And, of course, the Geminian spark of it all in the shape of shameless regression, June’s airy disco-ball duality culminating with that wild-hot Summer solstice, a full moon so fiery it cooked some things to perfection; burnt others crisp to the ground.

My five-cent astrology aside: since then, it's been a season of sifting through ashes and embers, breathing life into what little remains. Perhaps there’s a story in here of a phoenix rising from it all, a snake shedding her skin into something magnificent. But I’m not sure we’d recognize her if there were.

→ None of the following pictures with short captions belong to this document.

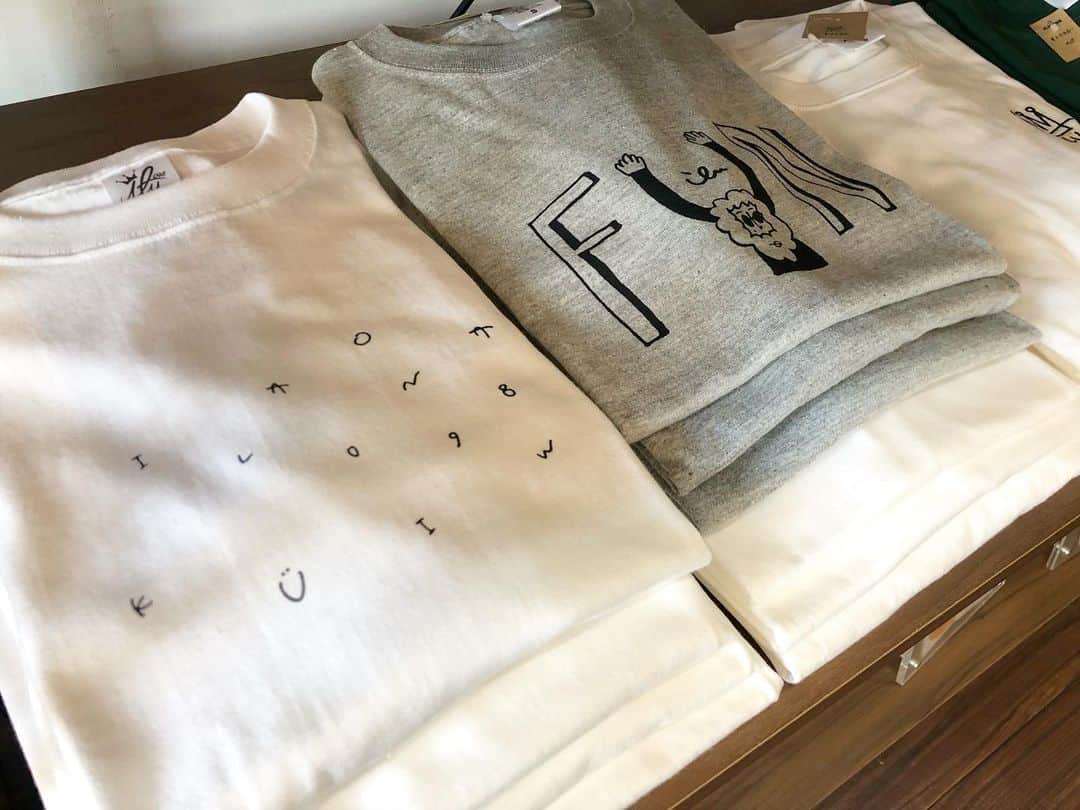 original brand 【ilu098】さんのインスタグラム写真 - (original brand 【ilu098】Instagram)「Thank you👍🌴 アイルTシャツの旅立ちラッシュ！ 本日も沢山のご来店ありがとうございます♫ newな1枚とHave a good summer time！ #ilu098 #Okinawalife #沖縄 #ぎのわんヒルズ通り #普天間」8月17日 18時26分 - ilu098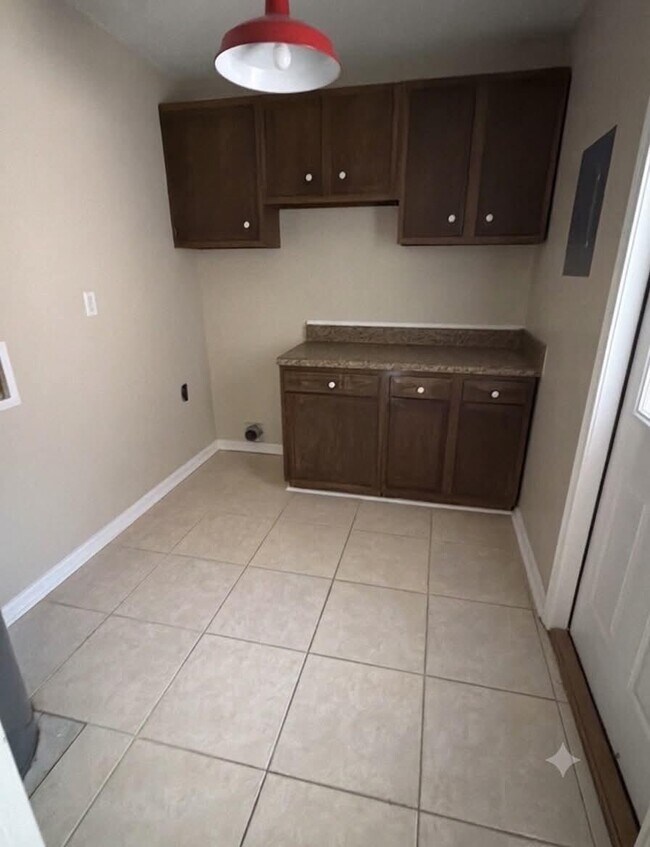 Foto del edificio - 208 Oak St SE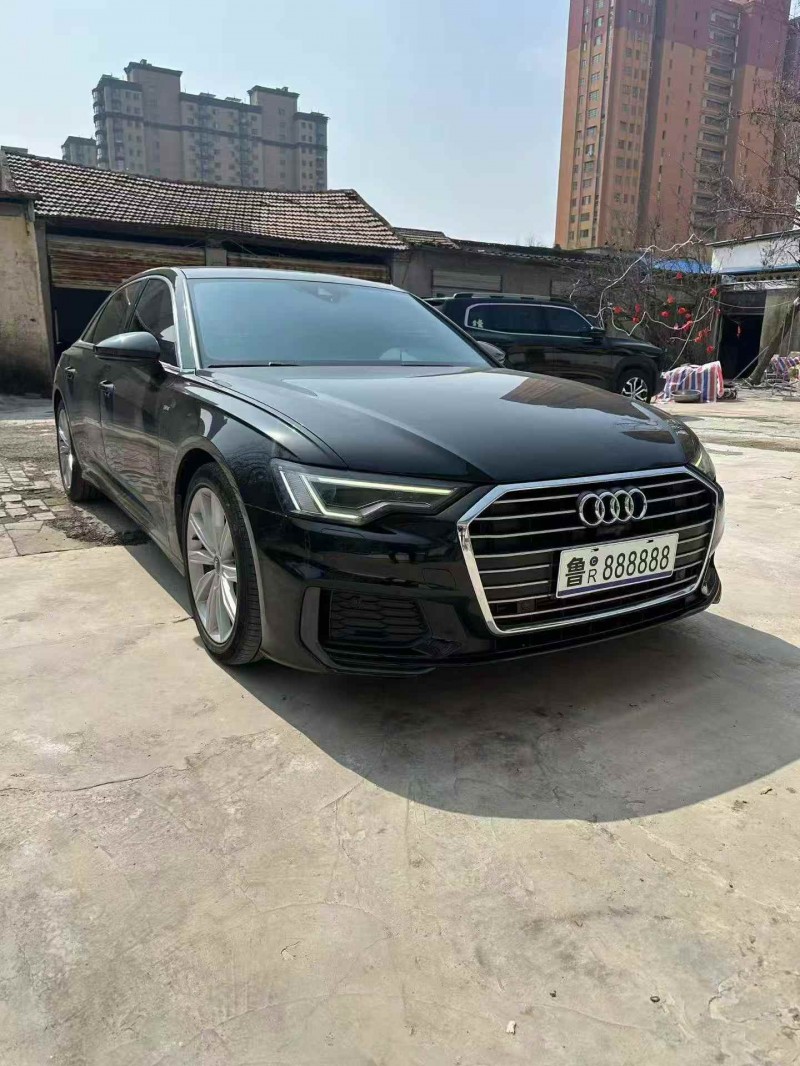 济宁22年奥迪A6L2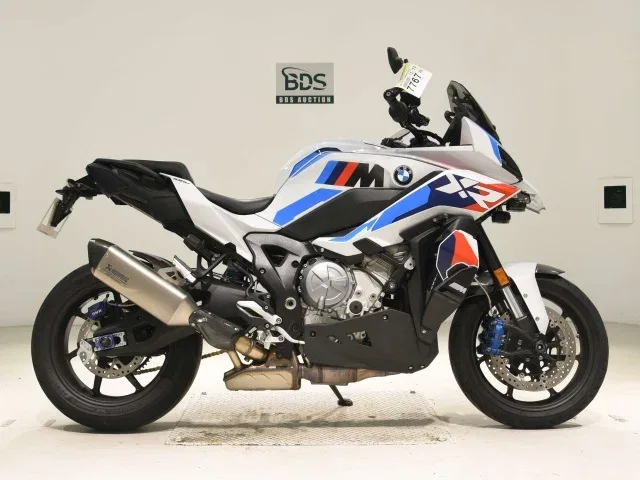 BMW M 1000 XR
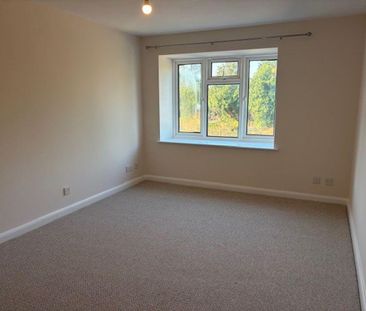 Wethered Road Marlow SL7 3EA - Photo 3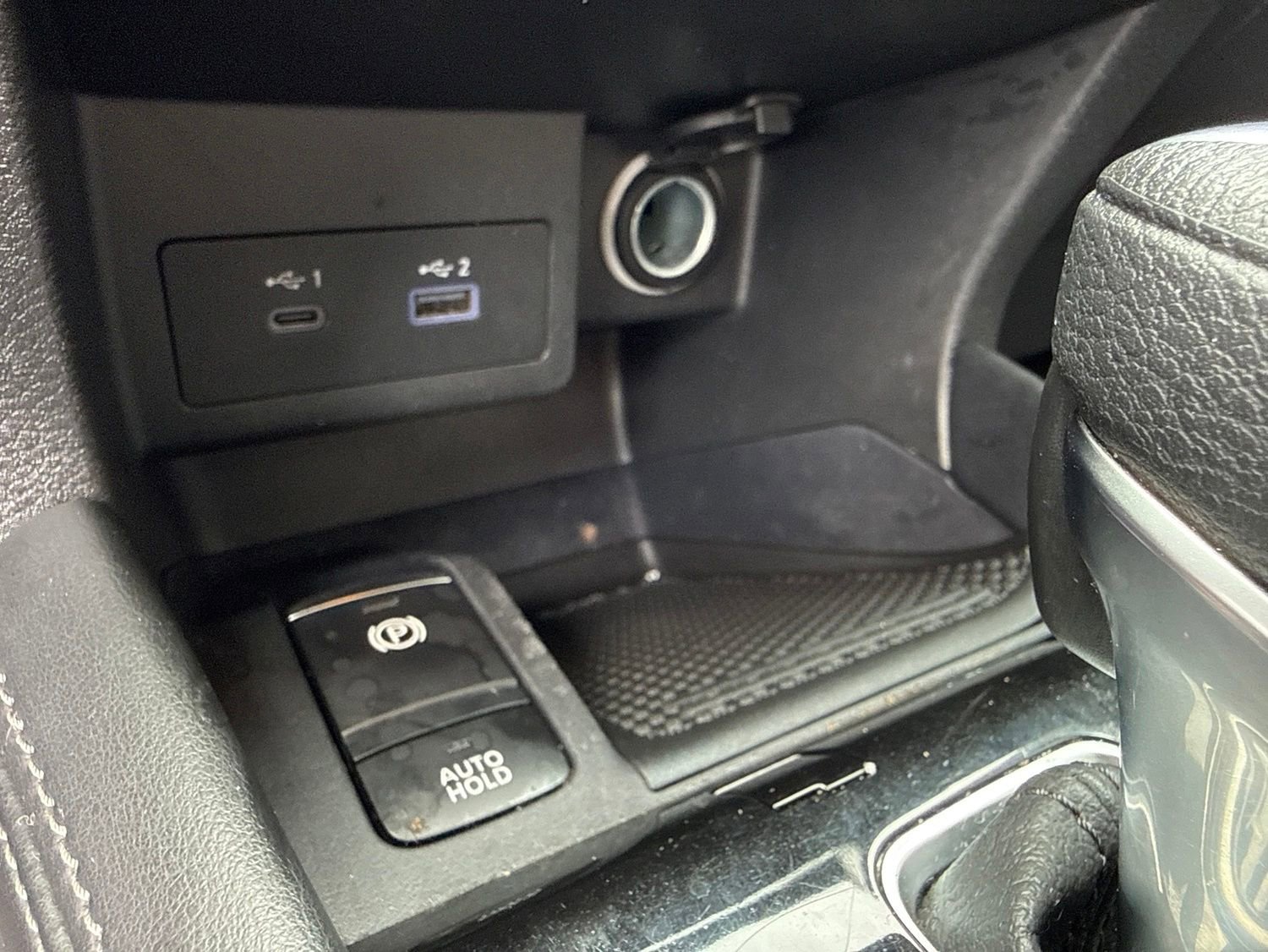 Used 2022 Nissan Kicks SR w/ Premium Package FWD image 23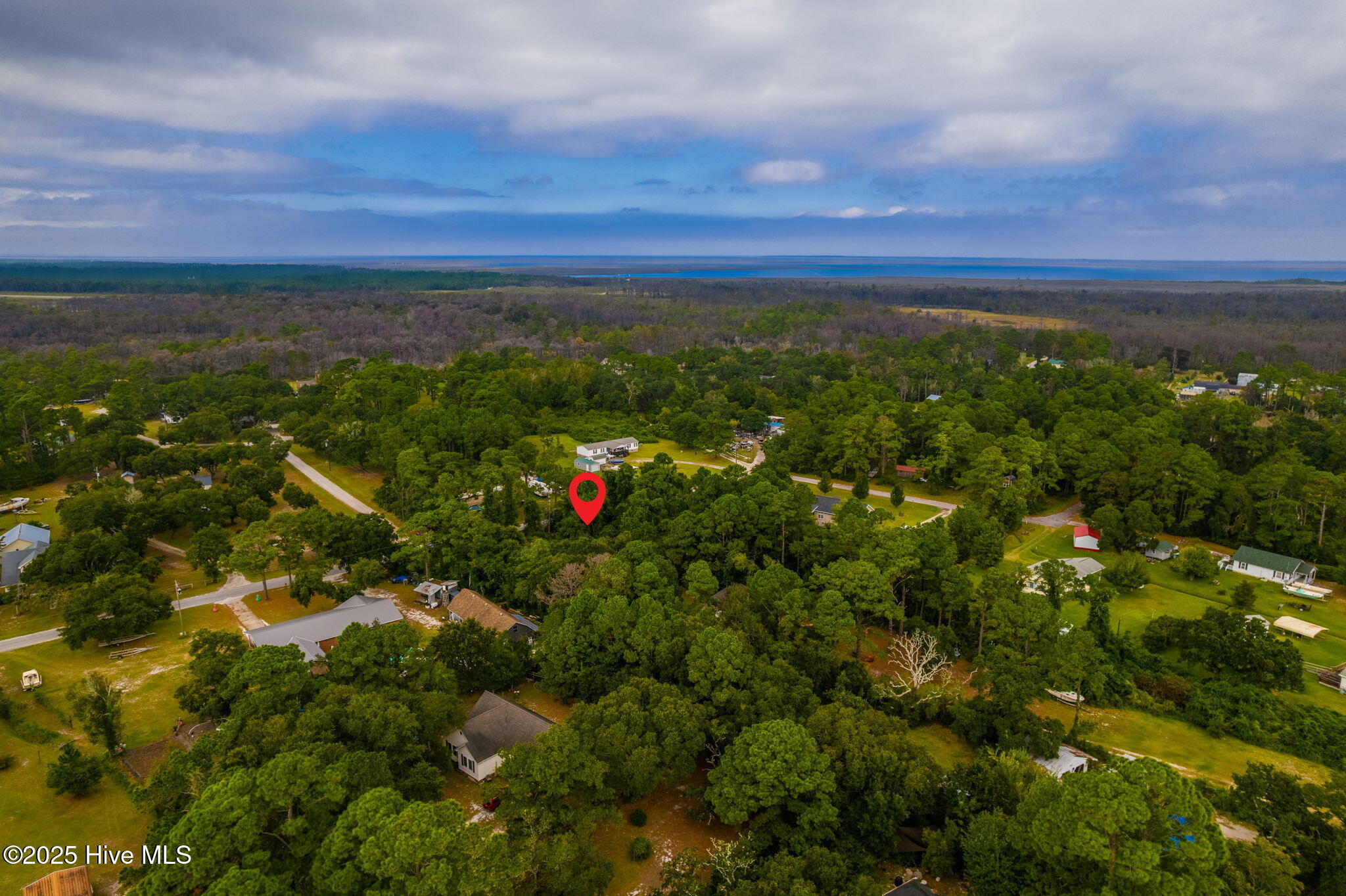 200 Lee Daniels Road Atlantic, NC 28511 - Photo 5 of 12 8-web-or-mls-chadwick-visuals-200-lee-da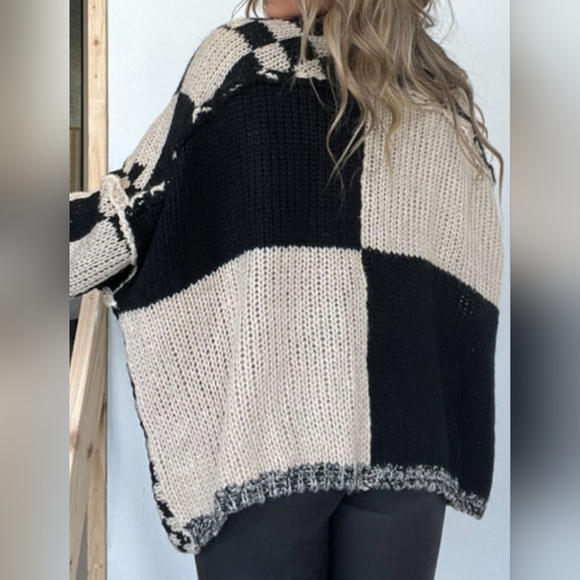 Plaid & Cozy Days Cardigan - Black - Picture 3 of 5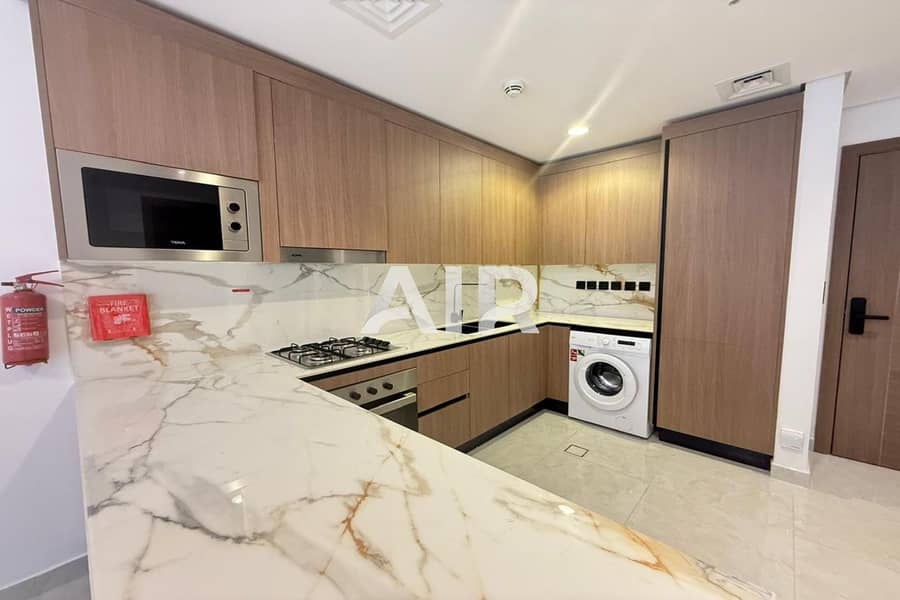 MODERN | 1BR with STUDY | GREAT LOCATION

Or maybe we’re just that blind.

We all love a happy ending. A little redemption. But life isn’t exactly a fairytale. Not everything deserves a photograph. And like birth in a thunderstorm, midwifed at home alone, not all revolutions make headlines.

Today, the crescent moon waxes toward our impending equinox. The sweet lemons are yellowing from green, abundant on heavy branches beside the wall-climbing bougainvillea.

The mango tree is in bloom; too early, I fear. I worry what that will mean for her fruiting season, come April. What it will entail for the monkeys and birds, reptiles and bugs who live from her harvest. Their cycles disrupted at the hands of man. If we’ll be here to find out.

Still, the ants return to their line of pheromones etched across the teakwood floor beside my mat. Returning to order from chaos; my broom ultimately no contestant to their insatiable service. There’s something diligently predestined about them I find comforting, inspiring even.

I’m returning to my work, too, after a three-month hiatus I hadn’t planned but savored all the same. Returning to some semblance of order from my own chaos, perhaps.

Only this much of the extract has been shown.